Verder betoogt appellant dat de verlenging van de schorsing niet proportioneel en evenredig is. Dit betoog slaagt ook niet. De Raad is van oordeel dat de schorsing in redelijkheid kon worden verlengd, omdat op dat moment het onderzoeksbelang nog overeind stond. Gedurende de verlenging heeft de commandant de commissie ingesteld en de onderzoeksopdracht gegeven. Met de commandant constateert ook de Raad dat de aanvang van het onderzoek relatief lang op zich heeft laten wachten, maar dat maakt in dit geval nog niet dat de commandant om die reden in redelijkheid geen gebruik meer had mogen maken van zijn bevoegdheid om appellant te schorsen in het belang van de dienst. Daarbij speelt een rol dat appellant gedurende de schorsing zijn bezoldiging heeft behouden.
4.5.
Omdat het bestreden besluit niet onrechtmatig is heeft de rechtbank het verzoek om schadevergoeding terecht afgewezen.
Conclusie en gevolgen
5. Het hoger beroep slaagt dus niet. De aangevallen uitspraak wordt bevestigd. Dit betekent dat de schorsing in stand blijft en dat appellant geen recht heeft op schadevergoeding.

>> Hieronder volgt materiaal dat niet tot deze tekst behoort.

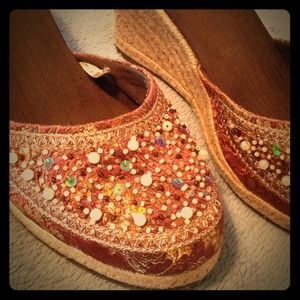 Size 10 slide shoes, worn once.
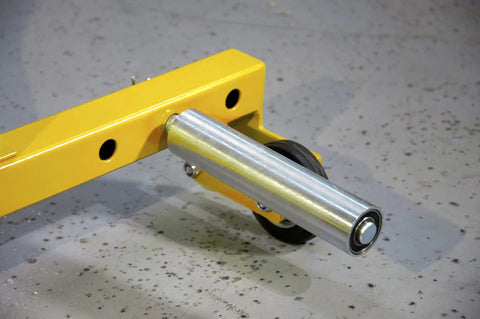 Close-up of Heavy Duty Rock Solid Tire Wheel Roller Dolly featuring ergonomic grip and smooth roller mechanism.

6. Omdat het hoger beroep niet slaagt krijgt appellant geen vergoeding voor zijn proceskosten en het betaalde griffierecht.
Bijlage: voor deze uitspraak belangrijke wettelijke regels
Algemeen militair ambtenarenreglement (AMAR)
1. ( ... )
2. De militair kan voorts in zijn ambt worden geschorst:
c. wanneer het belang van de dienst zulks vordert.
1. ( ... )
2. Een schorsing als bedoeld in artikel 34, tweede lid, onderdeel c, wordt opgeheven wanneer de belangen van de dienst de schorsing niet meer vorderen, doch uiterlijk na drie maanden, tenzij de omstandigheid die aanleiding gaf voor die schorsing zich nog immer voordoet.